The continued investment is showing how retail is permanently transitioning to a multi-brand model, even as the future of the industry remains uncertain. The move online has also shown how the wider fashion industry can run more efficiently off data, even during supply chain issues and shortages. Joor and NuOrder have helped move trade shows and fashion buying into the virtual world, while Faire is working with more mass-market brands like Alohas and Kenneth Cole to bring them to independent retailers.
With the growing investment, some key areas are standing out as the main focus points for all three companies.

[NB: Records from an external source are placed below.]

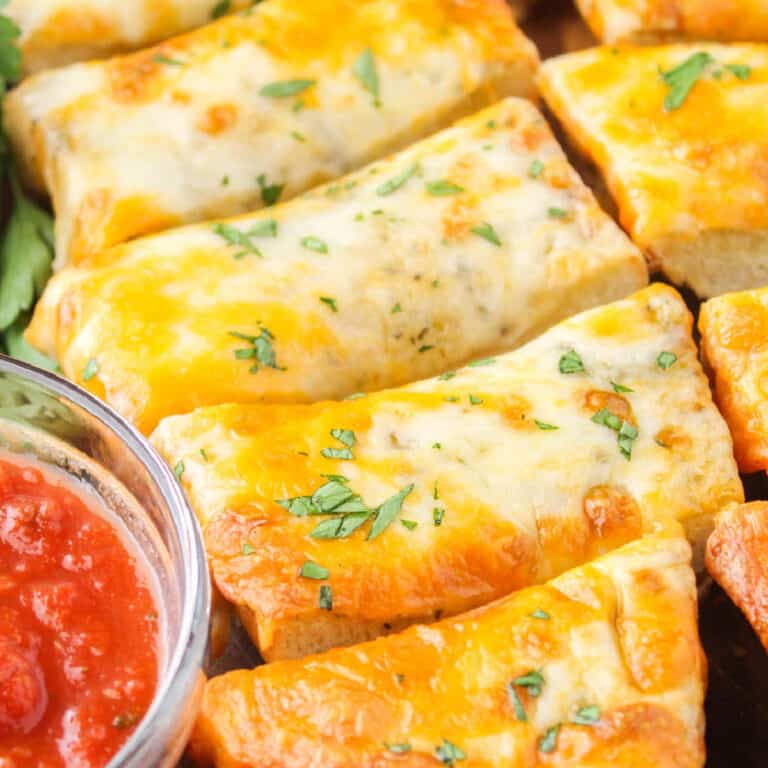 square close up image of cheesy garlic bread cut into pieces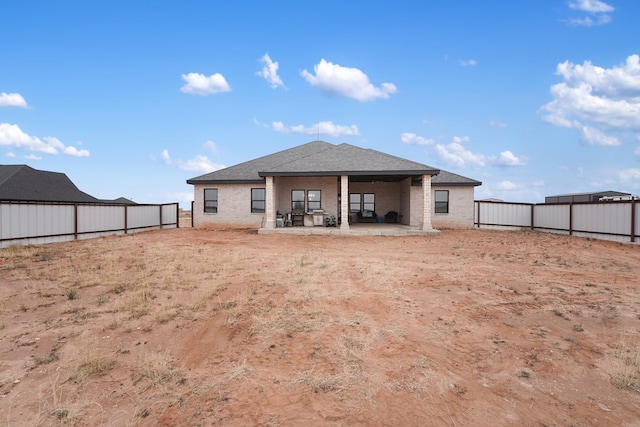 rear view of house featuring a patio area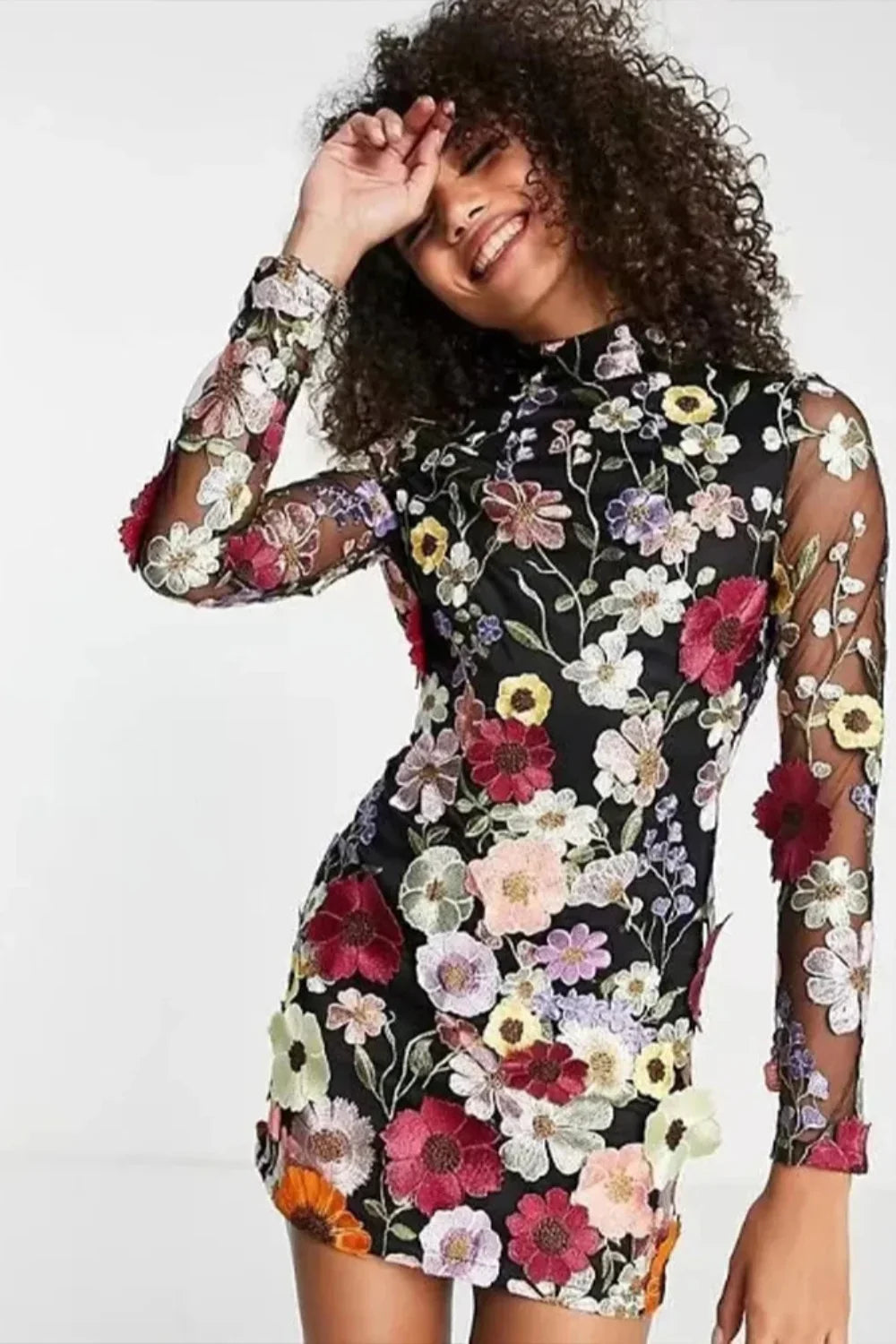 Model in Kouvr Fashion high neck black mini dress with vibrant multicolor 3D floral appliqué embroidery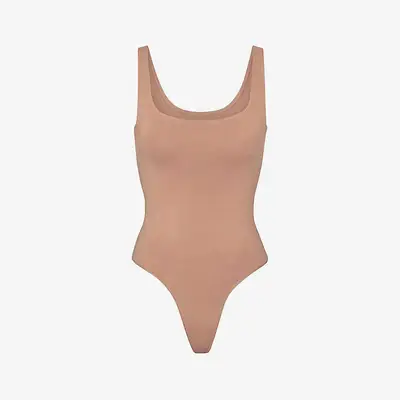 Skims Smoothing Scoop Neck Stretch Woven Thong Body Sienna Feature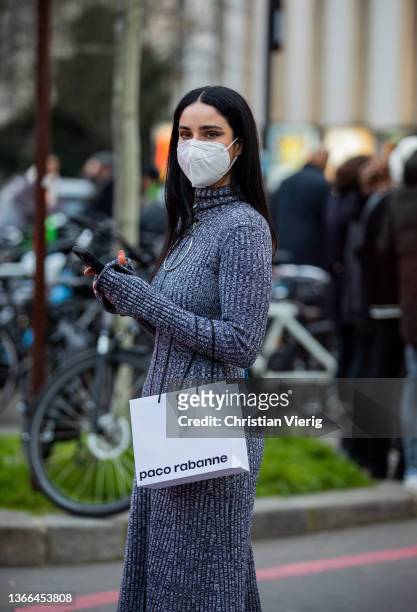 Fiona Zanetti seen wearing grey dress outside Paco Rabanne during Paris Fashion Week - Menswear F/W 2022-2023 on January 23, 2022 in Paris, France.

Virtual marketplaces and ecosystems
At the start of 2022, NuOrder will launch a new marketplace, allowing all brands and retailers on its platform to come to one place online where they can meet and trade. The marketplace will rival Joor Passport from the U.S.-based digital wholesale management platform — with one login, brands and buyers have access to one centralized place to meet and see all of the biggest trade shows.
NuOrder focuses on collaboration between buyers, brands and consumers through its B2B e-commerce platform. Tommy Fazio, global fashion director at NuOrder, said, “We’re focused on building one ecosystem where retailers, brands and customers can all live together and can seamlessly interact in real-time. So if a customer wants a black turtleneck from retailer X, they’re going to get it when they want it. It’s not going to turn into, ‘Hopefully, it’s going to come in two weeks.’ They’ll know it’ll be there, whether it’s through a dropship order through NuOrder, or whether it’s directly from the retailer… But all of that data will live in one ecosystem for the customer to understand.”
Real-time data solutions for brands and retailers to reduce waste
While the ease of use is one of the attributes of all the platforms, what is particularly important is that with data, both NuOrder and Joor can also help reduce another fashion problem: over-purchasing. Using data, the companies can accurately predict the purchasing behavior of consumers to determine what the number of goods ordered needs to be. For buyers, this means less financial risk when determining the items that are worth buying for a particular season.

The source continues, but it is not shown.